Work task: Retype exactly every line from the one that includes "Buzzer System Assiniboia East - SK" through the final line of the listing, both ends kept, and omit the pictures.
Information section start
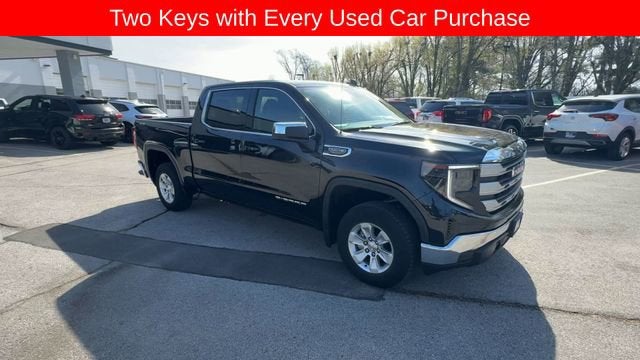 2024 GMC Sierra 1500 SLE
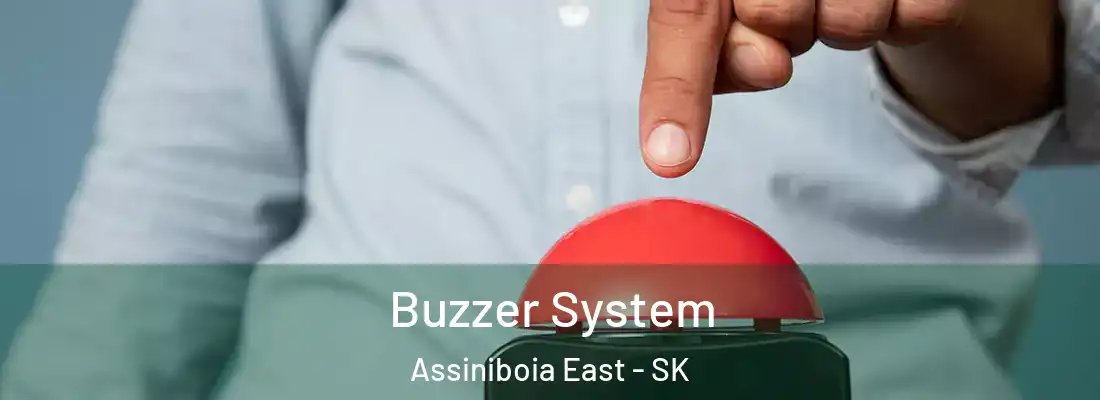  Buzzer System Assiniboia East - SK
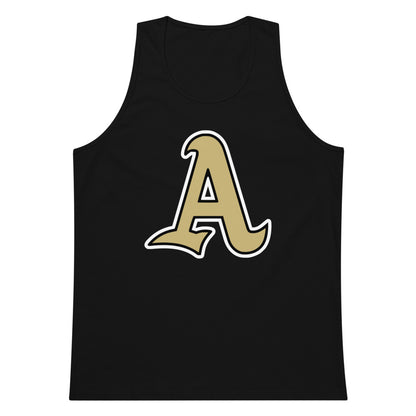 Ashford High School Design 2 — Black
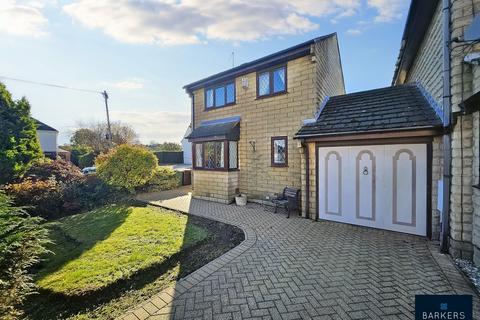 Jubilee Croft, Drighlington 3 bed link detached house for sale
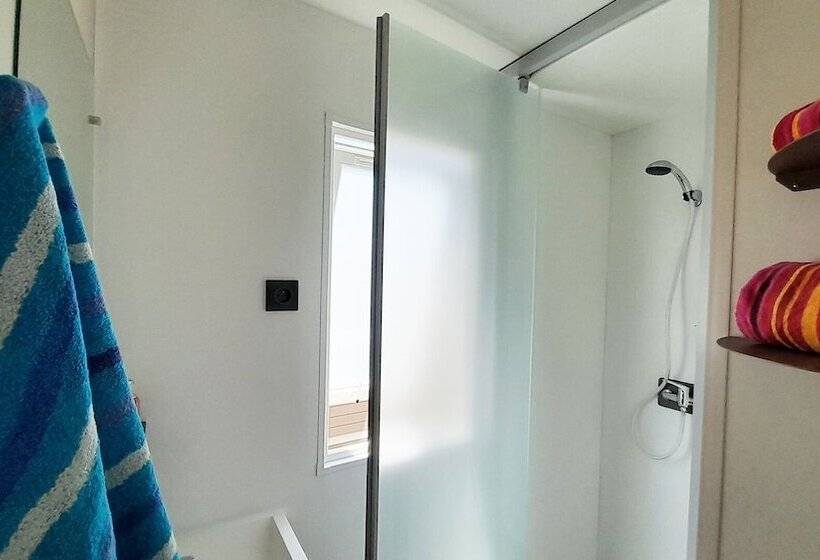 Camping Vallée Du Paradis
Information section end
Response to the exercise:
  Buzzer System Assiniboia East - SK
 Ashford High School Design 2 — Black
 Jubilee Croft, Drighlington 3 bed link detached house for sale
 Camping Vallée Du Paradis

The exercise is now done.